— Activity —
For the copy, please give all of the data again exactly and leave the pictures out.

Short text fragments from websites:

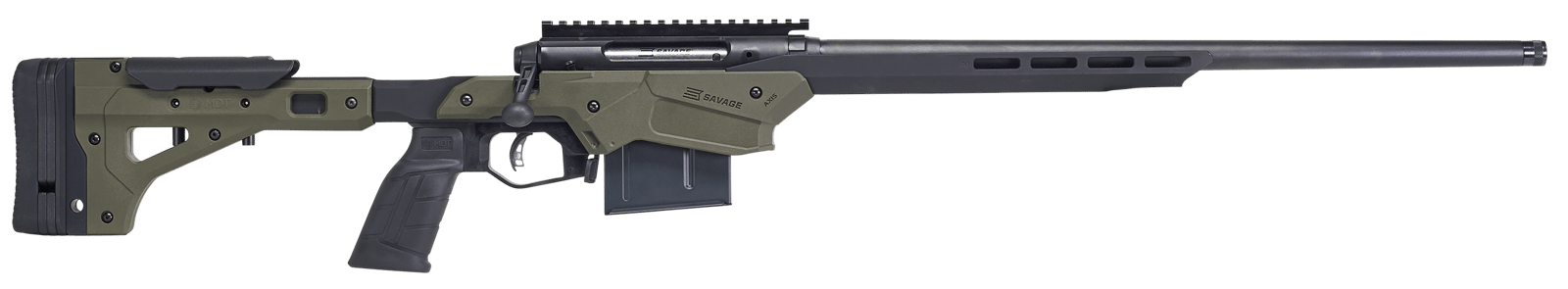 Savage Arms 57550 Axis II Precision 243 Win 10+1 22", Matte Black Barrel/Rec, OD Green Adjustable MDT Aluminum Chassis, Polymer Grip
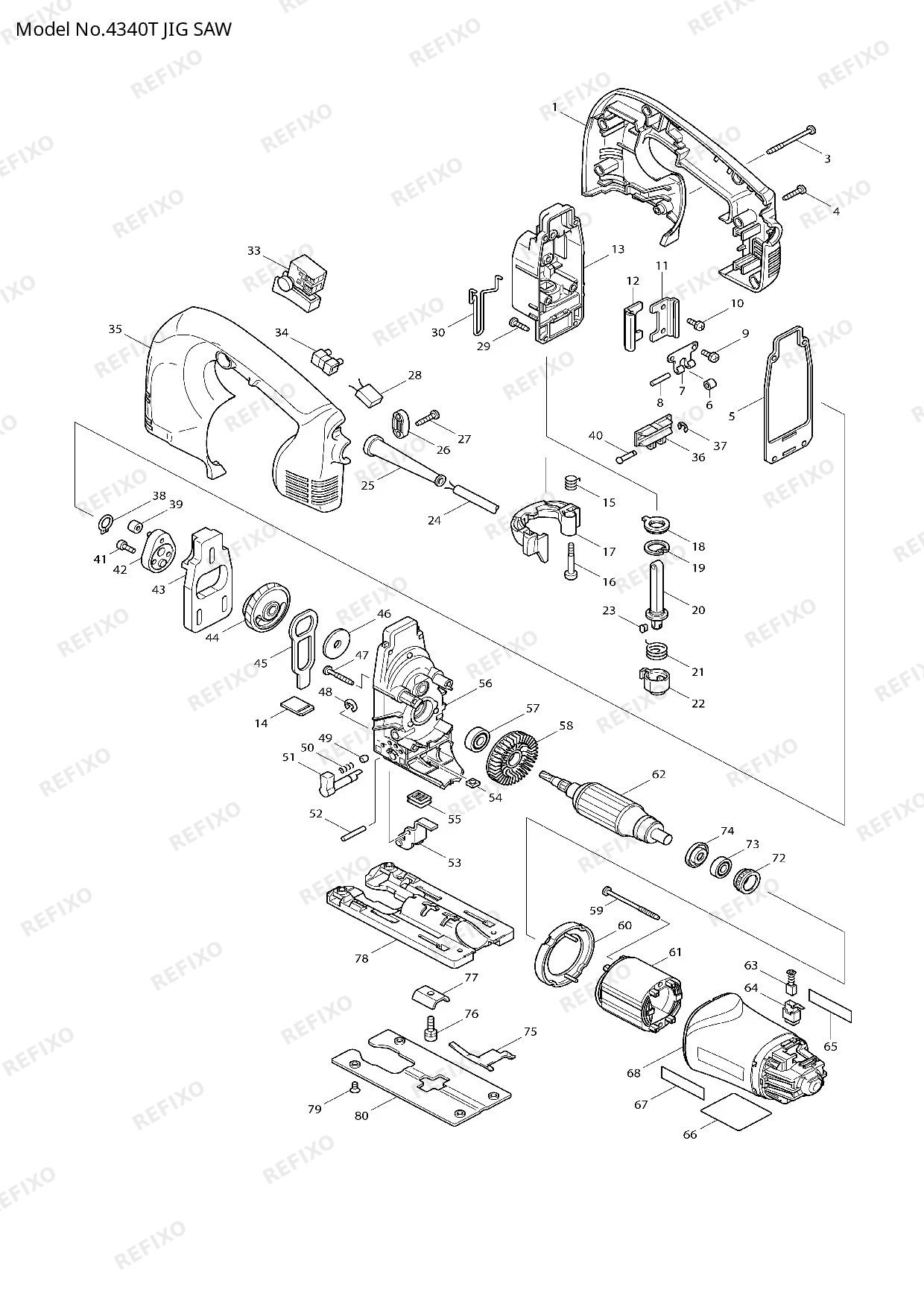 Деталировка MAKITA 4340T — схема запчастей в разборе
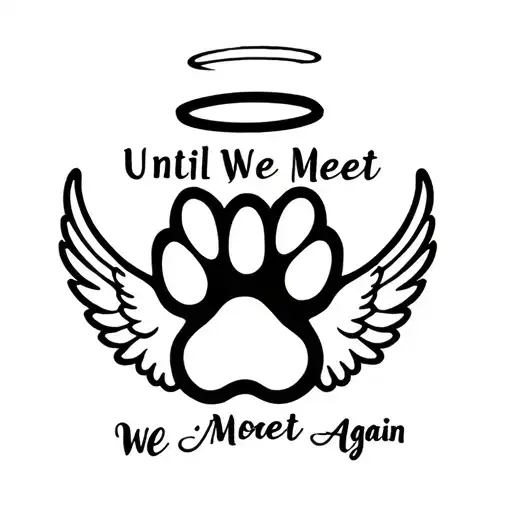 paw print with halo and angel wings and writing Until We Meet Again  tattoo design idea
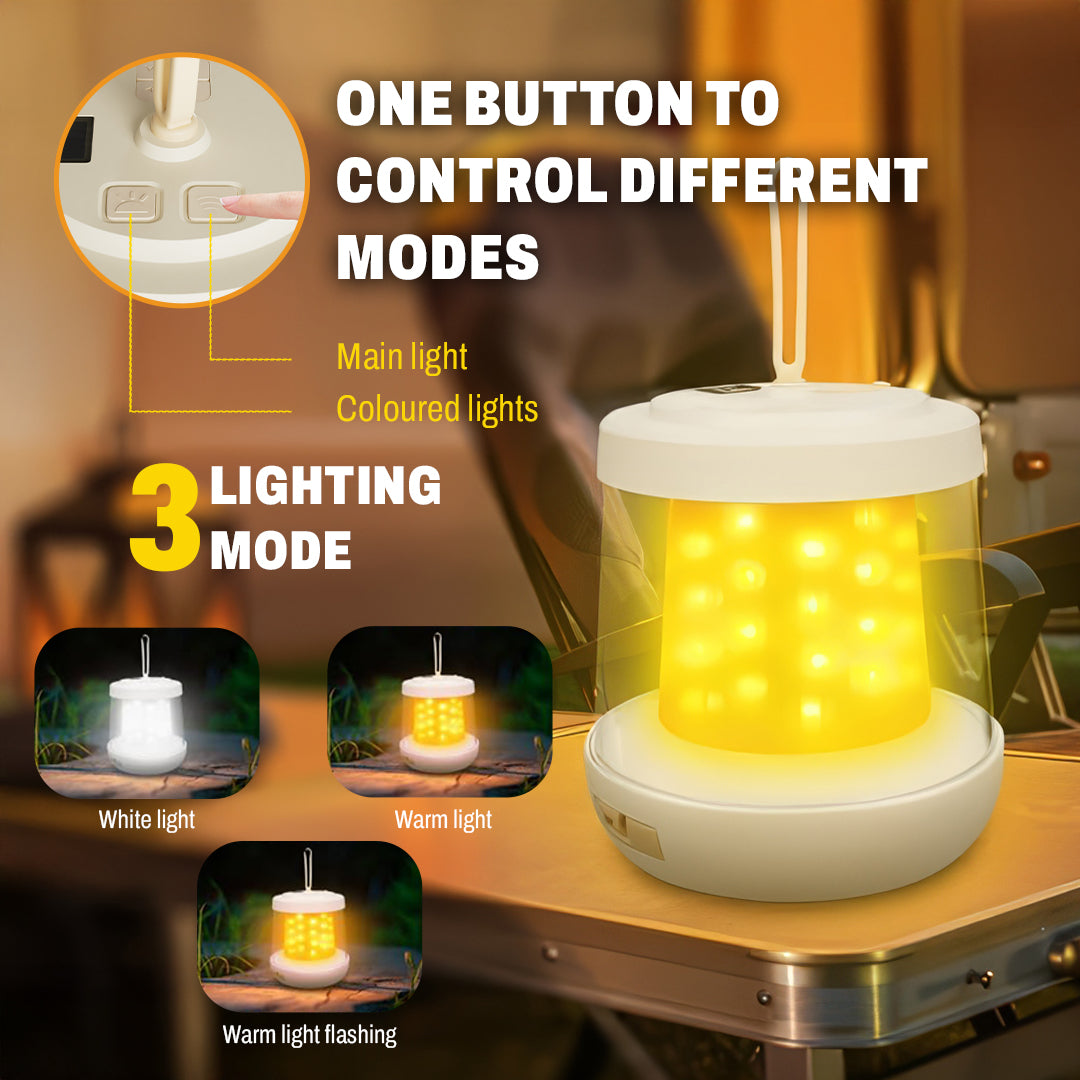Camping Lantern with Power Bank – 3 Light Modes,  Waterproof, RGB String Lights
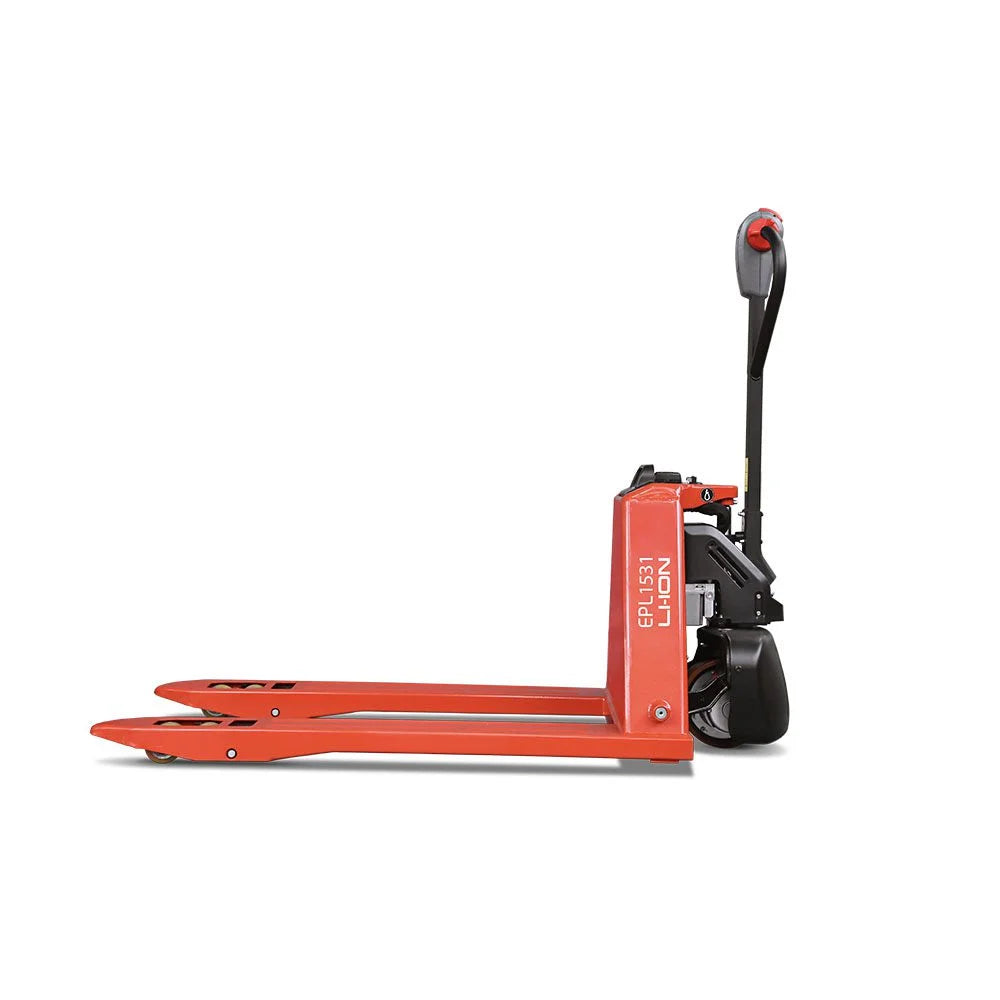 Side view of a red EP electric pallet truck labeled 'EPL1531 Li-ion,' featuring extended forks and a streamlined design, displayed on a white background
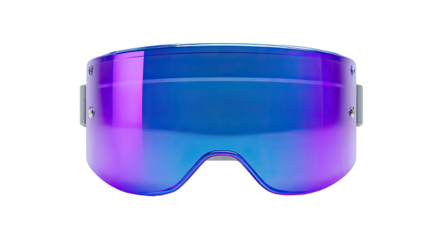Violet-blue ski goggles, front view.  Wide lens,  iridescent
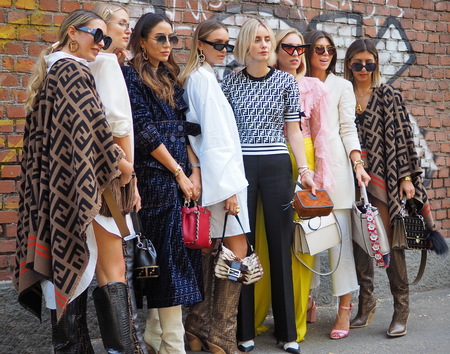 MILAN, Italy: September, 20 2018: Fashion bloggers street style outfits before FENDI fashion show during Milan fashion week fall / winter 2018/2019.のeditorial素材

— Result of this exercise —
 Savage Arms 57550 Axis II Precision 243 Win 10+1 22", Matte Black Barrel/Rec, OD Green Adjustable MDT Aluminum Chassis, Polymer Grip
 Деталировка MAKITA 4340T — схема запчастей в разборе
 paw print with halo and angel wings and writing Until We Meet Again  tattoo design idea
Camping Lantern with Power Bank – 3 Light Modes,  Waterproof, RGB String Lights
 Side view of a red EP electric pallet truck labeled 'EPL1531 Li-ion,' featuring extended forks and a streamlined design, displayed on a white background
Violet-blue ski goggles, front view.  Wide lens,  iridescent
 MILAN, Italy: September, 20 2018: Fashion bloggers street style outfits before FENDI fashion show during Milan fashion week fall / winter 2018/2019.のeditorial素材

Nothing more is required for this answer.